Centralization vs. Decentralization Issues in Internet-based Knowledge Management Systems: Experiences from Expert Recommender Systems

Dawit Yimam GMD ? German Nat'l Research Center for IT Institute for Applied Information Technology

D-53755 Sankt Augustin, Germany

dawit.yimam@gmd.de

Alfred Kobsa Dept. of Information and Computer Science

University of California, Irvine CA 92697-3425

kobsa@ics.uci.edu

Abstract

In this paper we report on the issues pertaining to centralized vs. decentralized architectures that we encountered at various points of our research on a particular Internet-based knowledge management and sharing system, namely expert finders/recommenders. First, we briefly describe and analyze our design experiences in expert recommender systems, emphasizing the architectural challenges and decisions. Then we extrapolate our experiences and insights to highlight some of the centralization vs. decentralization issues that we think need to be considered in systems design process. We point out the need to also include other relevant dimensions of a system's architecture into these design considerations, and suggest isolating centralization and decentralization factors from the problem space of an application rather than trying to adopt one or the other approach for the entire system.

1. Introduction

The increasing adoption of Internet technologies and online information repositories in organizations has spawned Internet-based knowledge management and knowledge sharing systems. Isolating the factors and requirements that influence optimal architectures for these systems is an active research area. Such systems need to handle a diversity of knowledge sources, computing resources and system users all of which are often distributed throughout an organization and beyond [4] [1]. In these systems, the access to and integrated representation of knowledge from different sources and domains across space and time is a primary requirement.

Expert recommenders are knowledge management and sharing systems that aim at helping users to trace human information and expertise sources rather than documents. What is more, these systems aim to achieve this by mining implicit sources of expertise data rather than explicit in-

put.
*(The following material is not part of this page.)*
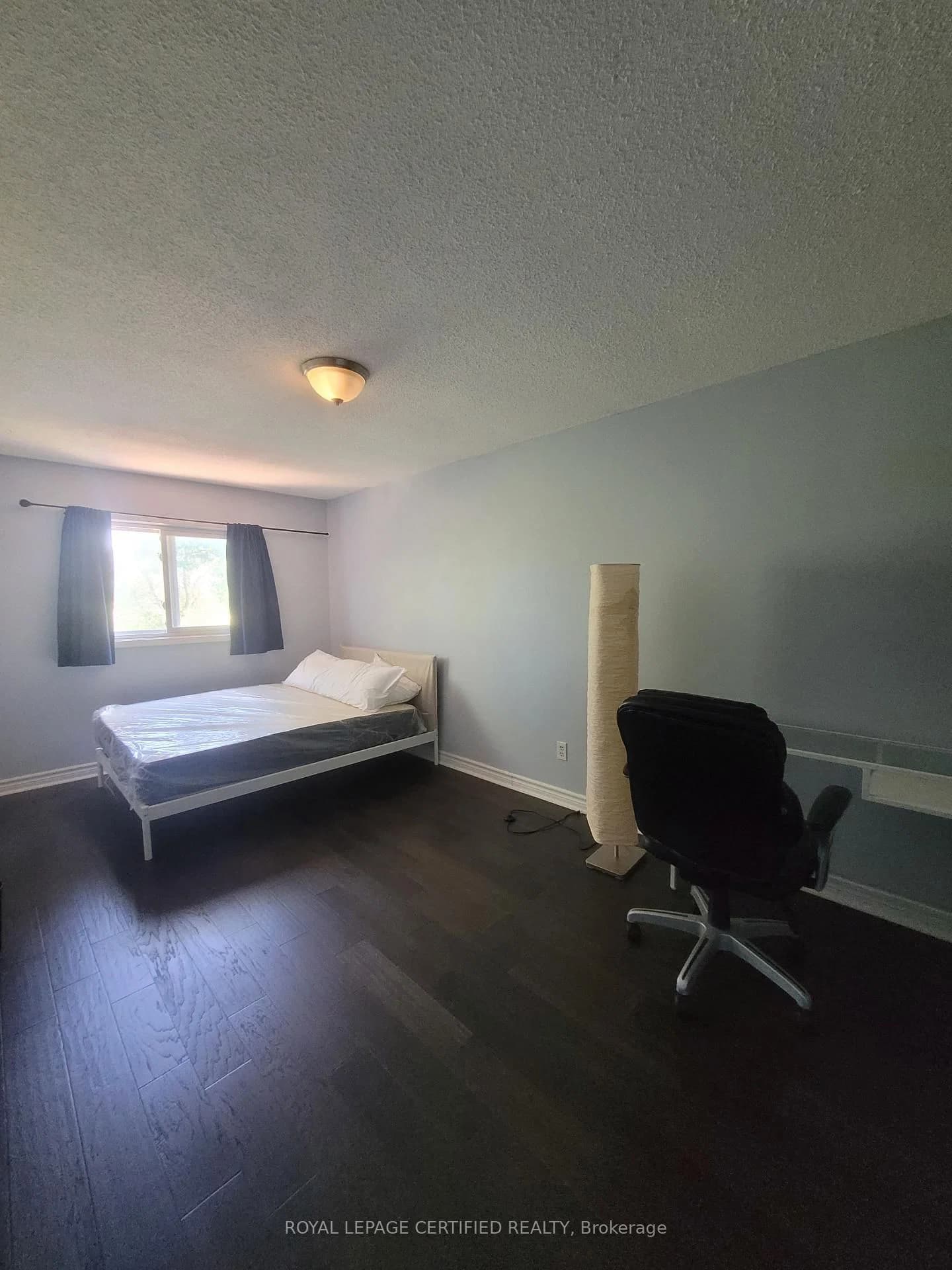 Creditwoodlands Court in Mississauga · Erindale — photo 3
Like all other knowledge management and sharing systems, these systems, too, involve distributed knowledge sources (i.e. people), extract expertise data from distributed information resources, and cater for a variety of users (both human users and system clients).

From our domain analysis [11], we have learned that expert finding systems generally comprise a number of operations which can be grouped into three major activities: (1) expertise data source recognition and extraction mechanisms, (2) expertise modeling (including expertise indicator extraction, expertise model representation), and (3) expertise model deployment (query mechanisms, matching operations, output presentation, adaptation and learning operations).
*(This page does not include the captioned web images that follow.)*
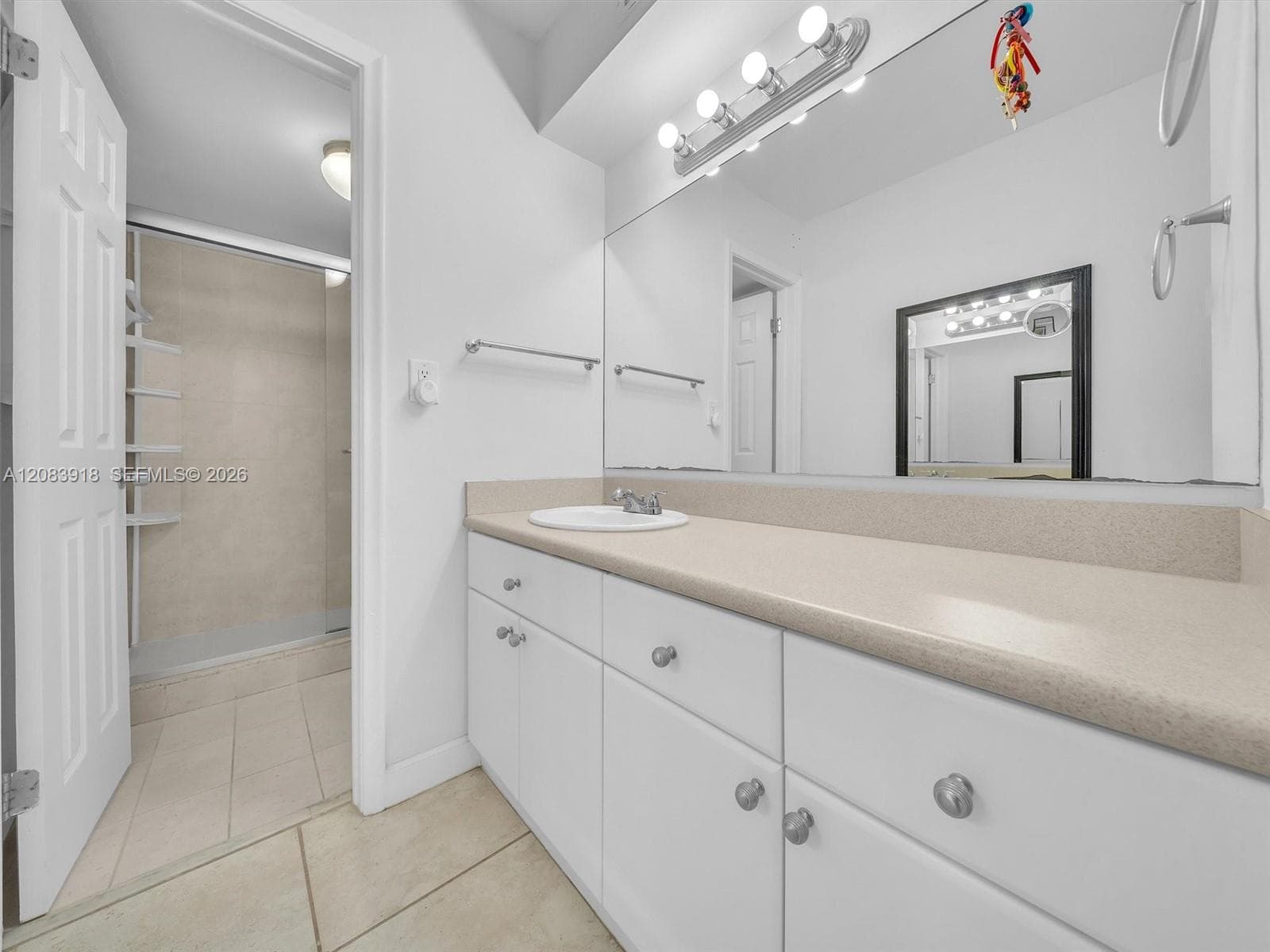 Villa Bay Vista · #203 in Miami Beach - Photo 18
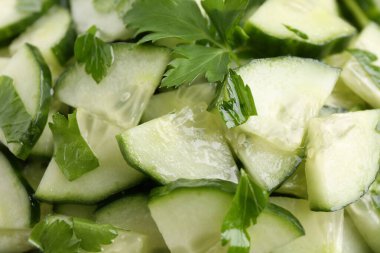 Arka plan olarak lezzetli salatalık salatası, üst manzara.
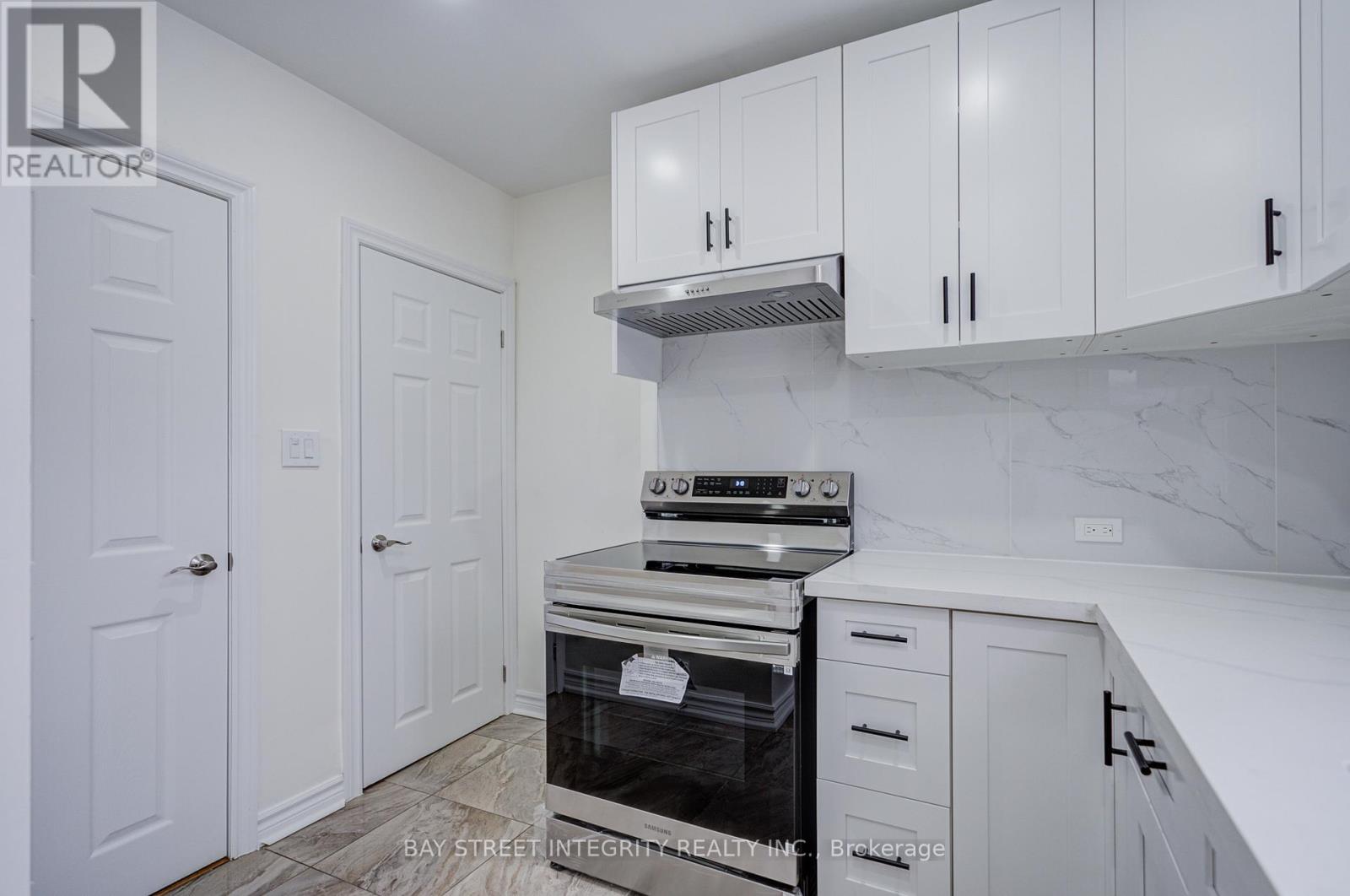 81 Dentonia Park Avenue, Toronto, Ontario  M4C 1X1 - Photo 12 - E12782316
These features can be implemented and organized in a variety of topologies. As is the case with all systems that have to exploit distributed sources and cater to distributed users, the decision whether to centralize or decentralize these operations pervades the architectural decision process.

In the following, we report our experiences in few of these approaches. We first present a purely centralized implementation of query-time generated expertise modeling system and discuss our experiences with it. Next, with the aim of designing a system that resolves the shortcomings of this approach, we compare centralized and decentralized alternative architectures. Finally, we demonstrate how our hybrid approach, called DEMOIR1, addresses the requirements of distributed and heterogeneous, organizational and personal expertise data sources on the one hand, and centralized access to extracted expertise information on the other.
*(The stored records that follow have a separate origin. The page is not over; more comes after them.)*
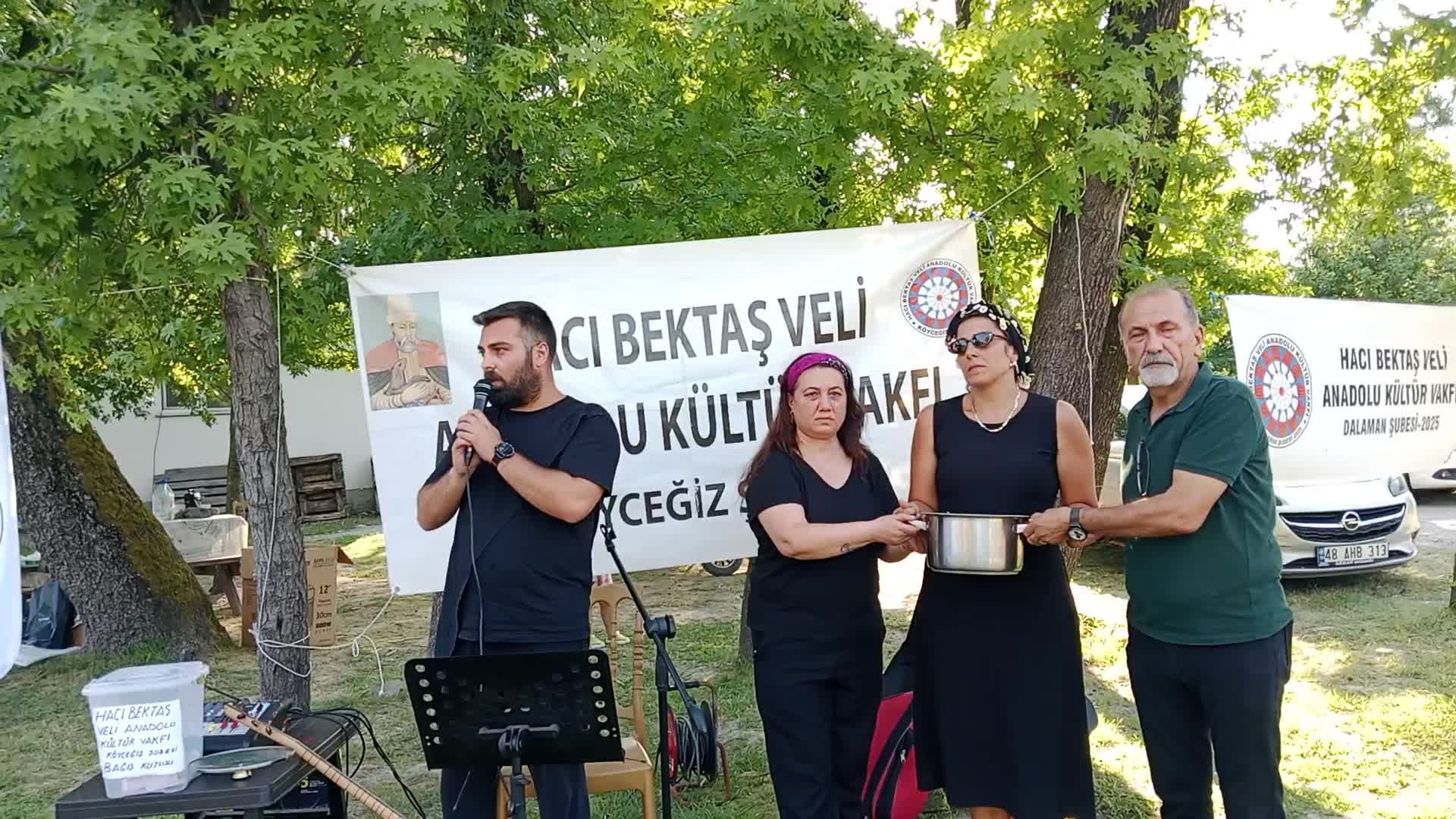 Köyceğiz’de Hacı Bektaş Veli Anadolu Kültür Vakfı’ndan aşure ikramı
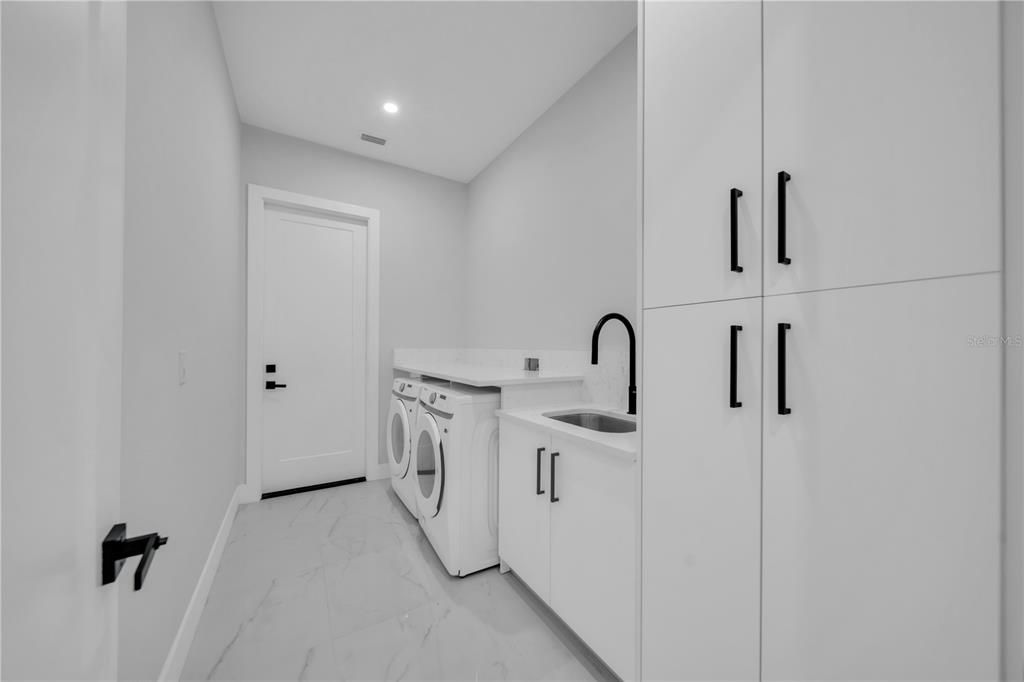For Sale: $689,990 (3 beds, 2 baths, 1798 Square Feet)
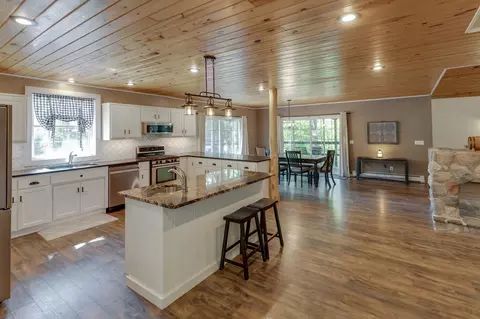 Kitchen - 10567 Black Bear Rd, Brainerd, MN 56401 photo 3 of 4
1 DEMOIR stands for "Dynamic Expertise Modeling from Organizational Information Resources".

1

2. A centralized query-time expertise modeling system

Our initial approach to tackling the problem of modeling expertise of people from implicit sources was making use of a Web indexing and search engine. Such systems are de facto the standard mechanisms for exploiting distributed information sources both on the Internet and on intranets, especially in most Internet-based knowledge management applications. Commonly, these systems build a centralized global index for the designated information resources and provide a search engine to enable access to it.

As shown in Figure 1, we used a web indexing system called Glimpse (which is also the default search engine used in the well-known Harvest Web indexing system [2]) and built an expert modeling and recommender module on top of it. For gathering the personal web pages and related pages from a department's (GMD-FIT) web site, we used the spider called WebGlimpse. The documents gathered by this spider are indexed and searched by Glimpse. When a user submits a query for the Expert Query Interface (which is accessible using any browser), the query is passed to Glimpse which returns the passages in documents that contain the given query terms. The output from Glimpse is then fed to the expertise Modeler & Tracer co-

Figure 1. IR engine based query-time expertise modeling and recommender system

mponent that uses various statistical and heuristic methods (analyzing proximity and document structure) to associate occurrences of names with query terms in the passages. The expertise modeling is hence dynamically performed on the sources (passages) that are returned by the retrieval engine. Finally, experts are ranked by the overall statistical correlation between names of experts and query terms.

In general, one can design the expert modeling to either be co-located with the indexing and retrieval engine on the server (as we did) or alternatively do the expert modeling in clients at the users' computers (e.g. as a Java applet)2. However, the latter involves a large amount of data transfer over the network at the time of retrieval and hence is less viable. Moreover, the decentralization achieved in this approach is currently limited since the clients would still need to interact with a centralized indexing and retrieval engine. Current search engines typically require a centralized index of the distributed sources of expertise data. Normally, the web spiders pull documents and store them in a centralized server to be indexed by the search engines. The need for distributed indexing and search of the World Wide Web documents that can cope with the exponential growth of documents in organizations as well as the Web is long known [6]. There are also research works on distributed indexing and query systems (e,g., [3] [9]). However, most currently available systems make use of a centralized global index, and so far query processing using decentralized indexes is consistently outperformed by a global (albeit distributed in a tightly coupled manner at a lower level) indexes [8]. This is mainly due to the overhead incurred by the query routing involved in the distributed approach.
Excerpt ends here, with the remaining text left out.